→ **TASK OBJECTIVE**: Repeat the records below exactly, from the first line through the line containing "фото Хиитам Омари", and leave out any pictures.
SOURCE RECORDS Start Marker
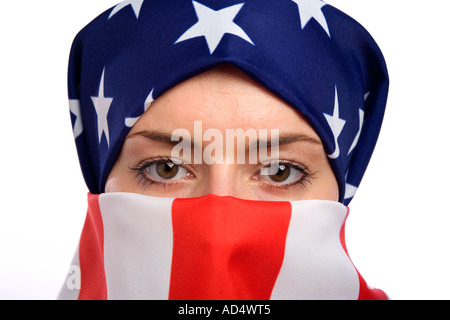 Muslimische Frau trägt eine amerikanische USA US-Flagge als eine Hijab Burka mit weißem Hintergrund Stockfoto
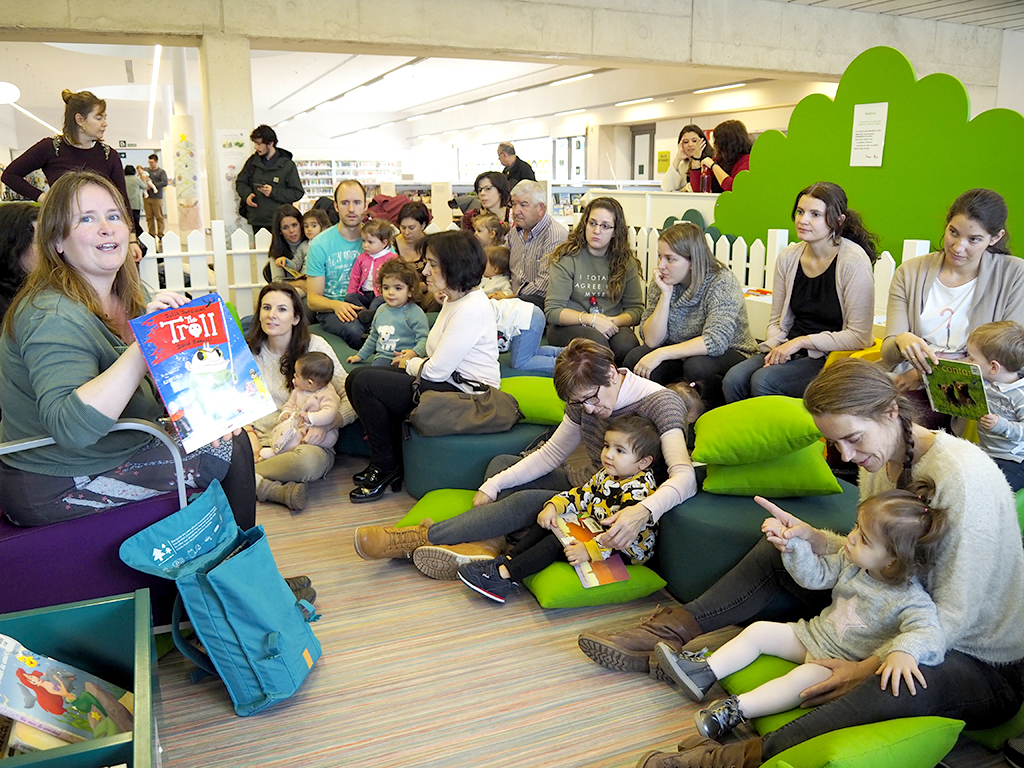 Los más pequeños disfrutan acercándose a los libros y las historias que ellas tienen. /Nerea Llorente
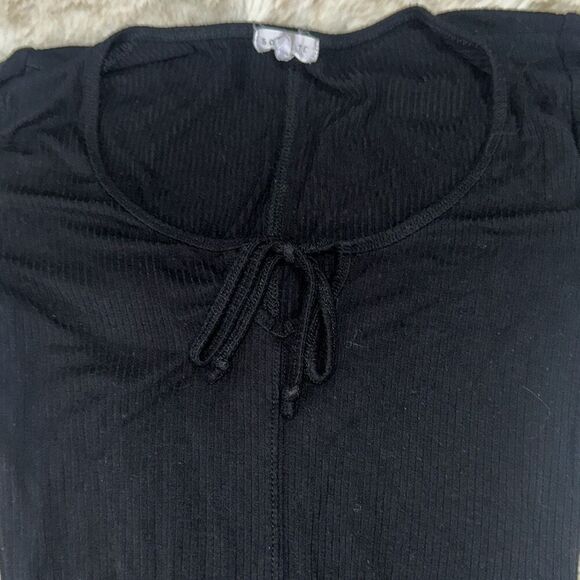 Socialite black ribbed short sleeve bodysuit with tie keyhole top | Sz S - Picture 4 of 5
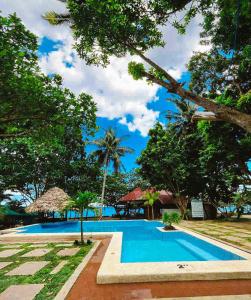 八打雁Coco Cavana Resort的度假村中央的游泳池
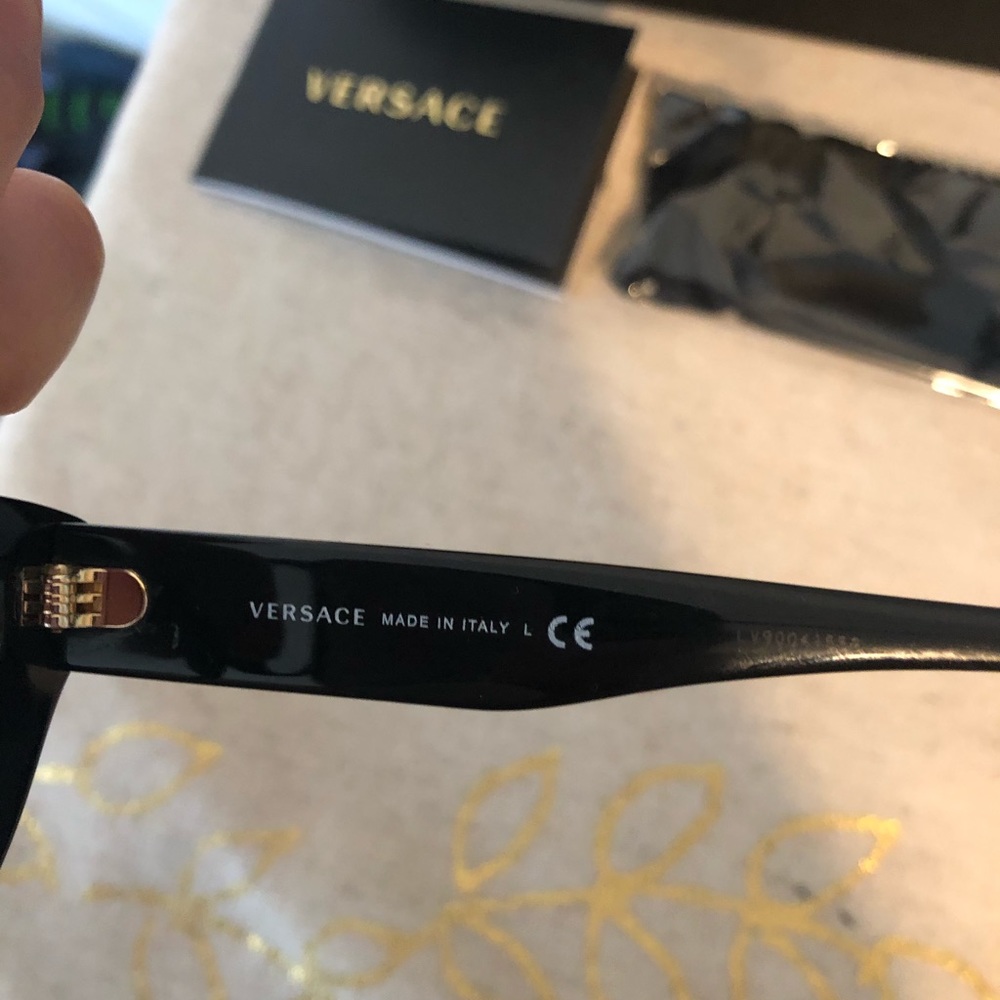 Versace glasses - Picture 4 of 5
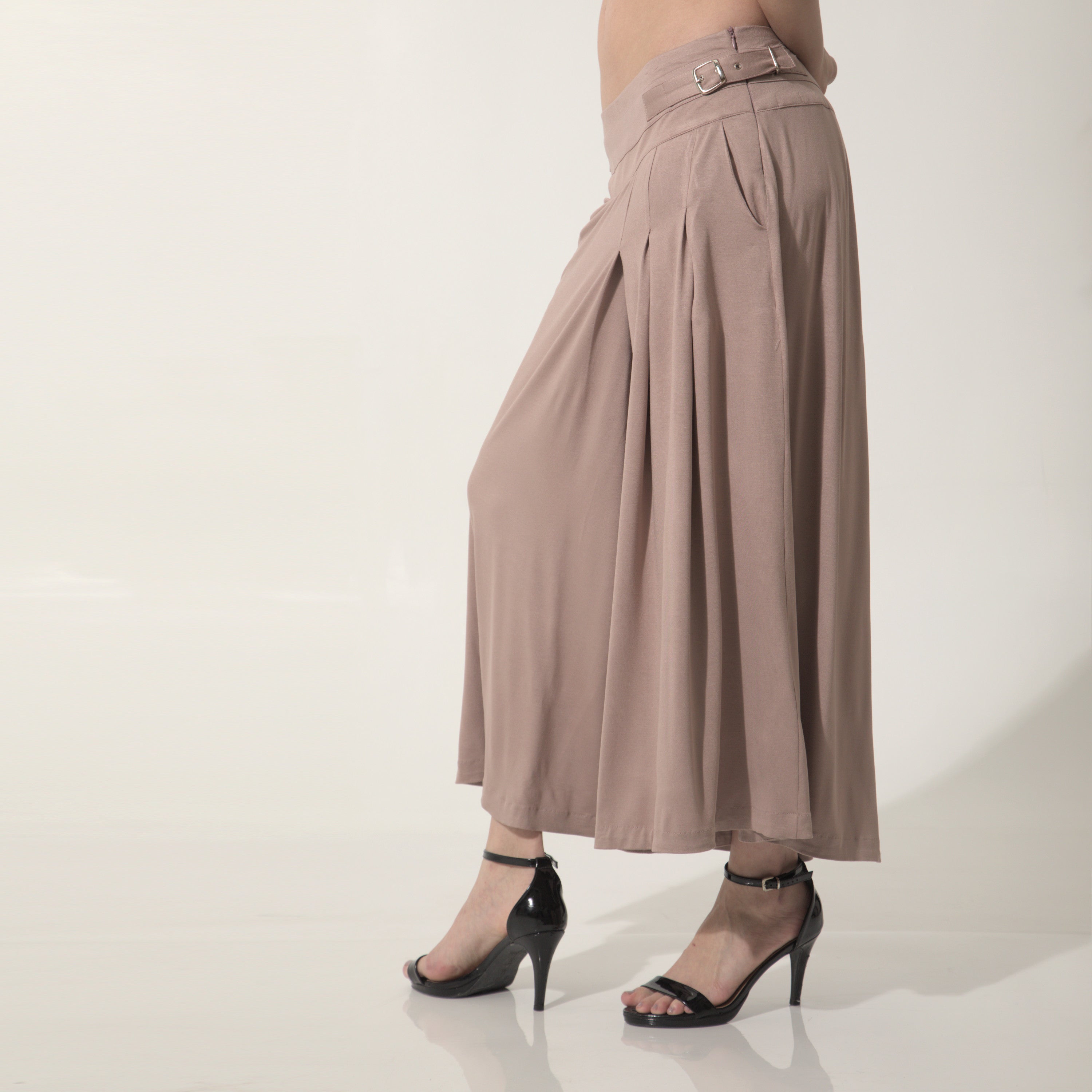 Amira - Saia-calça de malha com pregas e ajuste com fivelas de metal na cor mocha mousse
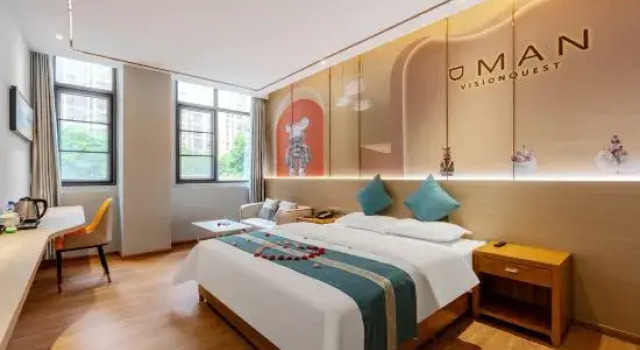 Zhongshan Louis Business Hotel (Shidai Fanghuali Bus Terminal Branch), Boek Hotel Hotels in Guangdong met parkeren, Parkeren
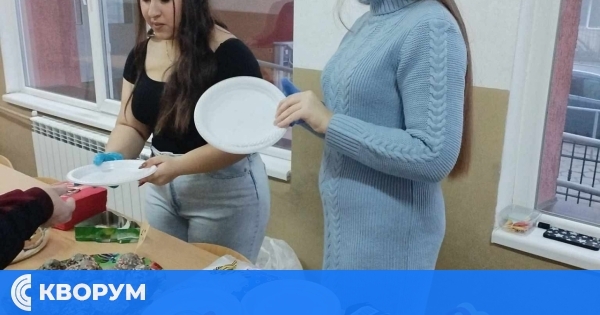 Коледен базар с празнично настроение се проведе в ПГООТ – Дулово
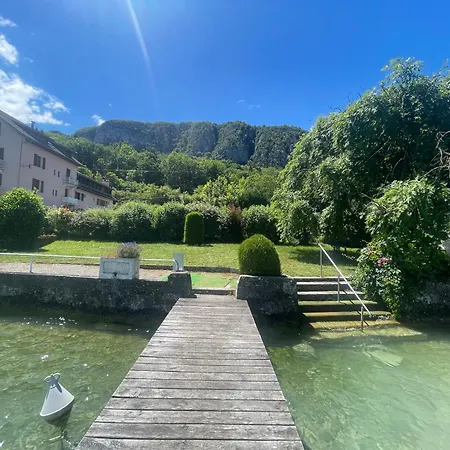 Rare 2 Bedroom With Private On Annecy Apartment Doussard
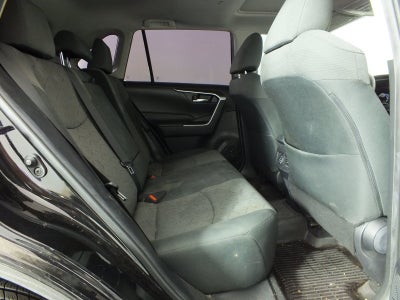 2021 Toyota RAV4 XLE *CLEAN CARFAX*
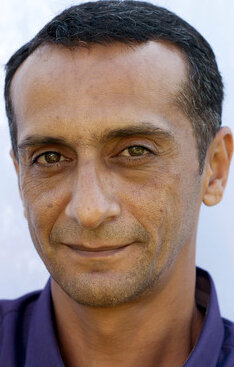 фото Хиитам Омари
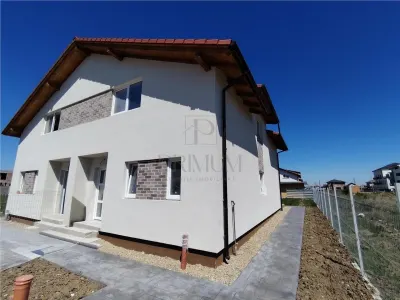 Duplex spatios - personalizare interioara - zona populata - Mosnita Noua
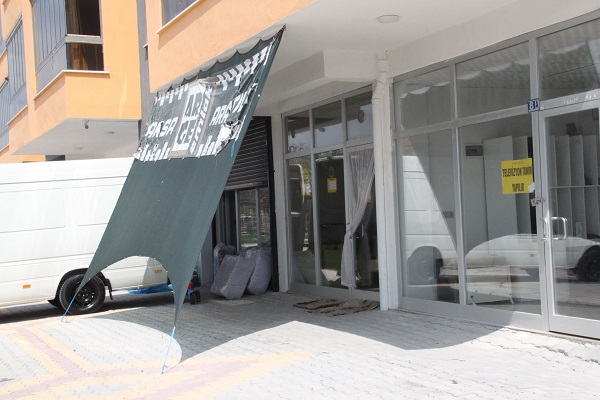 Foto - Çalınmasın diye kameranın önüne koydu! Motosiklet 50 saniye içinde çalındı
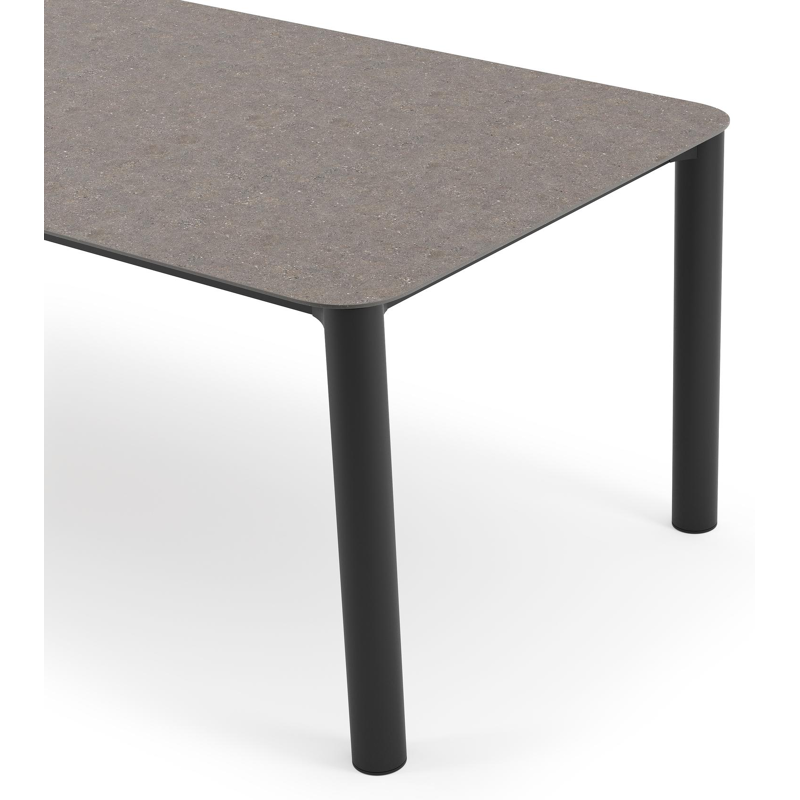 Orso tuintafel rechthoekig afgerond in zwart aluminium en volkeramiek wulong - L 240 x B 100 x H 73.5 cm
SOURCE RECORDS End Marker
→ **REPLY**:
 Muslimische Frau trägt eine amerikanische USA US-Flagge als eine Hijab Burka mit weißem Hintergrund Stockfoto
 Los más pequeños disfrutan acercándose a los libros y las historias que ellas tienen. /Nerea Llorente
 Socialite black ribbed short sleeve bodysuit with tie keyhole top | Sz S - Picture 4 of 5
 八打雁Coco Cavana Resort的度假村中央的游泳池
 Versace glasses - Picture 4 of 5
 Amira - Saia-calça de malha com pregas e ajuste com fivelas de metal na cor mocha mousse
 Zhongshan Louis Business Hotel (Shidai Fanghuali Bus Terminal Branch), Boek Hotel Hotels in Guangdong met parkeren, Parkeren
 Коледен базар с празнично настроение се проведе в ПГООТ – Дулово
 Rare 2 Bedroom With Private On Annecy Apartment Doussard
 2021 Toyota RAV4 XLE *CLEAN CARFAX*
 фото Хиитам Омари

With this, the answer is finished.